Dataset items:
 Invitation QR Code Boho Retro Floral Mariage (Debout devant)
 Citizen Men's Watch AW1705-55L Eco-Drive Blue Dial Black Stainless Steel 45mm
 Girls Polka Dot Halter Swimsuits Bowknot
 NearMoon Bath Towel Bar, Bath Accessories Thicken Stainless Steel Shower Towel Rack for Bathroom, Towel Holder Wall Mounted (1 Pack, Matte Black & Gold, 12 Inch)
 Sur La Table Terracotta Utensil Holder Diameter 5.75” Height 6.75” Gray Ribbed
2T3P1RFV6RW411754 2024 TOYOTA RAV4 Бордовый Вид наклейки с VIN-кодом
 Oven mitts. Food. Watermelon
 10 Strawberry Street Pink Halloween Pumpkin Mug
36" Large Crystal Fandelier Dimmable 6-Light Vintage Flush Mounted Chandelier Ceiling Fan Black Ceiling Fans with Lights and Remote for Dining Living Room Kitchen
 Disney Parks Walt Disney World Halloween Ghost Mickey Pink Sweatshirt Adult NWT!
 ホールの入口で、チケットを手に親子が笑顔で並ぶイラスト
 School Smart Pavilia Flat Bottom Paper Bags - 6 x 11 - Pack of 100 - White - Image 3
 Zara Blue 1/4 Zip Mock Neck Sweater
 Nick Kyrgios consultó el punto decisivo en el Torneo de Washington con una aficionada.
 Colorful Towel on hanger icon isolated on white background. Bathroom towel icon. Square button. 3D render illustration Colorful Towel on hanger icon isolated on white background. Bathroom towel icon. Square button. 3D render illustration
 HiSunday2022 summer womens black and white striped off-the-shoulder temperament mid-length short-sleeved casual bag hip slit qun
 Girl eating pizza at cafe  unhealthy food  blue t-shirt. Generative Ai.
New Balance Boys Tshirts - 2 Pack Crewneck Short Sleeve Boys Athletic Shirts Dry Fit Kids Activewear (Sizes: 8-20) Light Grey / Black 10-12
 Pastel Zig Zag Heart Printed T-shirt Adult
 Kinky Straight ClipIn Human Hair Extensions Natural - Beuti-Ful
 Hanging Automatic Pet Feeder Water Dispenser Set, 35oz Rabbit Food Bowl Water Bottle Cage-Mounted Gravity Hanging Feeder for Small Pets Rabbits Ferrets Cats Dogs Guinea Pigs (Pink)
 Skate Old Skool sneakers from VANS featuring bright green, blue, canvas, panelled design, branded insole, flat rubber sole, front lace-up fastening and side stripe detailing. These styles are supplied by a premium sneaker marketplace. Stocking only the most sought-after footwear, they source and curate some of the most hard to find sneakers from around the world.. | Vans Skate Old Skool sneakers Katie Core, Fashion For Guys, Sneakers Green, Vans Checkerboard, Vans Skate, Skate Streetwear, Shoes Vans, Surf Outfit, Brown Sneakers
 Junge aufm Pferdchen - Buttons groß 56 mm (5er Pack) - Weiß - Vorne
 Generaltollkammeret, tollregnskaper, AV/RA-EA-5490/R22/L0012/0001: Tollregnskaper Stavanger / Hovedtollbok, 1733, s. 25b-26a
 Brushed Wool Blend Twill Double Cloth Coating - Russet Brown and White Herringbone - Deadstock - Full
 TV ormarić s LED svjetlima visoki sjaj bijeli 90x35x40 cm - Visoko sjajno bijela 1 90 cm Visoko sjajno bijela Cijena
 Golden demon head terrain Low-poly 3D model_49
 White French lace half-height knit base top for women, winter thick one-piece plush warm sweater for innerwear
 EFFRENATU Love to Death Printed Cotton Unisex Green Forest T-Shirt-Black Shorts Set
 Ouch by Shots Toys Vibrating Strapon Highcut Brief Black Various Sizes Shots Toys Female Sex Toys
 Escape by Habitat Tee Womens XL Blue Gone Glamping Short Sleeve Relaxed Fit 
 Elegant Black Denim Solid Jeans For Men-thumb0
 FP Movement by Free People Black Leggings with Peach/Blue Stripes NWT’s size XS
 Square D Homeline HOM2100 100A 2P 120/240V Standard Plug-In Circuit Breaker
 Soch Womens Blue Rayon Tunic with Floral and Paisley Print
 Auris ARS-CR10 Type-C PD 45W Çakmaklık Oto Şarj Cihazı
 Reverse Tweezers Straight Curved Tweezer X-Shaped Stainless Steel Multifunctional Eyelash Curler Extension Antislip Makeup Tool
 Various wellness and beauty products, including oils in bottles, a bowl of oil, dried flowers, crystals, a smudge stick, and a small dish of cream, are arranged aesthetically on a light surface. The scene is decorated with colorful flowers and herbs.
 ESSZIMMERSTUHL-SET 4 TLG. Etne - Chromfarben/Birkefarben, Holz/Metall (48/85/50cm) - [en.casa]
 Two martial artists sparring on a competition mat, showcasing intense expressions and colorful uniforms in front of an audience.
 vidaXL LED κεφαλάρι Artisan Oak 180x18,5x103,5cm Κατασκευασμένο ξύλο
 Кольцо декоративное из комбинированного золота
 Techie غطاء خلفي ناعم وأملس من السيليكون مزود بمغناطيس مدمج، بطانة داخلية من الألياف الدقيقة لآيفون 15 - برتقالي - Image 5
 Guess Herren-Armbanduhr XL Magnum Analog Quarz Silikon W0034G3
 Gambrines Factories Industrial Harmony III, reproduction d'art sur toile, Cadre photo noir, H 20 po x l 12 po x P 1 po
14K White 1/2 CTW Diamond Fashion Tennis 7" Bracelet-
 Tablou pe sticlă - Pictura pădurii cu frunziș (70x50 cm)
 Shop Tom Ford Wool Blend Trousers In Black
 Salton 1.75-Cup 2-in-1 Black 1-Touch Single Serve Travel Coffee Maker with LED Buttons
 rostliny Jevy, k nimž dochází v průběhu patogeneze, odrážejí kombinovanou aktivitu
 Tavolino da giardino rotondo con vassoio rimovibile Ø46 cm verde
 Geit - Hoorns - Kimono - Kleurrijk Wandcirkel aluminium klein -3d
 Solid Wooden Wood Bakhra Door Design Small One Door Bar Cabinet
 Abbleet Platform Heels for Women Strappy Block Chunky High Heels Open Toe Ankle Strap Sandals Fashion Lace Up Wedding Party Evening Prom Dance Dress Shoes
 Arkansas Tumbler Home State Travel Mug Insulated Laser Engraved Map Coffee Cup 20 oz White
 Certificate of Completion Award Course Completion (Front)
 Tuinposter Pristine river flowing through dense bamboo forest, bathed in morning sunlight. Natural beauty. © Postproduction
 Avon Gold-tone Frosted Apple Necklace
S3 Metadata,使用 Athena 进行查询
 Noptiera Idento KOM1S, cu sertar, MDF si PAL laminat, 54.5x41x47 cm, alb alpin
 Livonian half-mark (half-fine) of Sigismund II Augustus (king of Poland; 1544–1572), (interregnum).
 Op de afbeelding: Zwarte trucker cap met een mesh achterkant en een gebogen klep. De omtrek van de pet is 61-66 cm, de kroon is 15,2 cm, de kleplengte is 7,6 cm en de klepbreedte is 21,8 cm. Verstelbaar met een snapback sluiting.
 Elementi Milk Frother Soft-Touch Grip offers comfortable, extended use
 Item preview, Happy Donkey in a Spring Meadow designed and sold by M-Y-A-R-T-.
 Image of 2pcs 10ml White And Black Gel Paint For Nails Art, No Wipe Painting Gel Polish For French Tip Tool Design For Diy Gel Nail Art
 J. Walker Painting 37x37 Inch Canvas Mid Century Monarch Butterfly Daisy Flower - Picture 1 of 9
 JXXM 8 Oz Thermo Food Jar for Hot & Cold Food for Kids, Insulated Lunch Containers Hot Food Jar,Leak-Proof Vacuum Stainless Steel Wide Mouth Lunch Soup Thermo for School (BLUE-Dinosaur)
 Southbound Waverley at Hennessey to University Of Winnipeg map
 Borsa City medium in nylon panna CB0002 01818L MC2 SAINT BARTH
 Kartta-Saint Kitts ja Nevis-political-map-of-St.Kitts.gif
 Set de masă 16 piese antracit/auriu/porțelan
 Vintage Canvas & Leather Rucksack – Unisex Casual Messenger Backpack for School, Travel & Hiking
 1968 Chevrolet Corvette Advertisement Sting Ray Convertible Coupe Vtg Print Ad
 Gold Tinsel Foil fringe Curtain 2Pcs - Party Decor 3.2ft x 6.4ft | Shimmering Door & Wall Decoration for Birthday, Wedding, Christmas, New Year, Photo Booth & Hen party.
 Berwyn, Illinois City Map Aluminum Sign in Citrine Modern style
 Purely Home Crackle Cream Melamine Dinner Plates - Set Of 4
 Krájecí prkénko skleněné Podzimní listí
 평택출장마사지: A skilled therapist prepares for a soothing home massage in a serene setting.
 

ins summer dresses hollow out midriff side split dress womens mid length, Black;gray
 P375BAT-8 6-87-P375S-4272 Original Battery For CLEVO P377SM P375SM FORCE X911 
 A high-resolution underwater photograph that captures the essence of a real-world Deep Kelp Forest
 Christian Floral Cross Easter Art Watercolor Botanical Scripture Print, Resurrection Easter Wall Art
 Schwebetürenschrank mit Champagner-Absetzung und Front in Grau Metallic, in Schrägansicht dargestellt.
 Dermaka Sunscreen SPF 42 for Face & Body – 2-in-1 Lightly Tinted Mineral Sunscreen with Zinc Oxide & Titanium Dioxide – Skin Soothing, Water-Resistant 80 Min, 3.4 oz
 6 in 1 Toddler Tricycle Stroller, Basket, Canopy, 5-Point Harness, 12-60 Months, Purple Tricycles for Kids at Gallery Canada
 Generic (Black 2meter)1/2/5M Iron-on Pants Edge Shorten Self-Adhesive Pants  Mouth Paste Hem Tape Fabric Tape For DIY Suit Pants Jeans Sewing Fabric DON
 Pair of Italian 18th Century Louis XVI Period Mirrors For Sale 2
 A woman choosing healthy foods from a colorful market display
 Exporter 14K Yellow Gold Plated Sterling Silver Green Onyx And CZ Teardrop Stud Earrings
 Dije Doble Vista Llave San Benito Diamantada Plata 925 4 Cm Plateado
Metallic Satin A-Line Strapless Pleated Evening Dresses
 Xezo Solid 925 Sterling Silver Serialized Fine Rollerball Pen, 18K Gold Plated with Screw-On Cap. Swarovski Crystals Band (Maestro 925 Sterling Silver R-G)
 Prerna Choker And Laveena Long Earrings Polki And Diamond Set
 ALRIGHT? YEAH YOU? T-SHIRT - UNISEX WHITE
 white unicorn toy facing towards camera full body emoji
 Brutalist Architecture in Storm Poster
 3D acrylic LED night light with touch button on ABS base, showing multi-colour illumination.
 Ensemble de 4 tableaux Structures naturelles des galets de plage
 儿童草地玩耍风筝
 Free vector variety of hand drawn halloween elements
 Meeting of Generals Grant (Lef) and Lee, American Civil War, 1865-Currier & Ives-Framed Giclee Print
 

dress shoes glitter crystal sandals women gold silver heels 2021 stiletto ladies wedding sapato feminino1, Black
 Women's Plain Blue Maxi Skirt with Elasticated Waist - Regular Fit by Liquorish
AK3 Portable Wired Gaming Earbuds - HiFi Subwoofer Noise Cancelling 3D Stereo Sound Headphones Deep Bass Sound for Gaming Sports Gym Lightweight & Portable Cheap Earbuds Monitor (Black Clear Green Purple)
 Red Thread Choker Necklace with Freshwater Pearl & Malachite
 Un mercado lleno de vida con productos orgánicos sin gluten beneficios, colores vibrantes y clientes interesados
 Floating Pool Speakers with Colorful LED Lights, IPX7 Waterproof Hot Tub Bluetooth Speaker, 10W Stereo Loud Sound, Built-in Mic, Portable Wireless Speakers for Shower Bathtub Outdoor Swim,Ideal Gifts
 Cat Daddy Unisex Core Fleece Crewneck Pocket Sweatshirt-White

**Problem description**
Above are the records; copy exactly the lines from the line with "Zara Blue 1/4 Zip Mock Neck Sweater" through the line with "Nick Kyrgios consultó", both included.

**Your solution**
 Zara Blue 1/4 Zip Mock Neck Sweater
 Nick Kyrgios consultó el punto decisivo en el Torneo de Washington con una aficionada.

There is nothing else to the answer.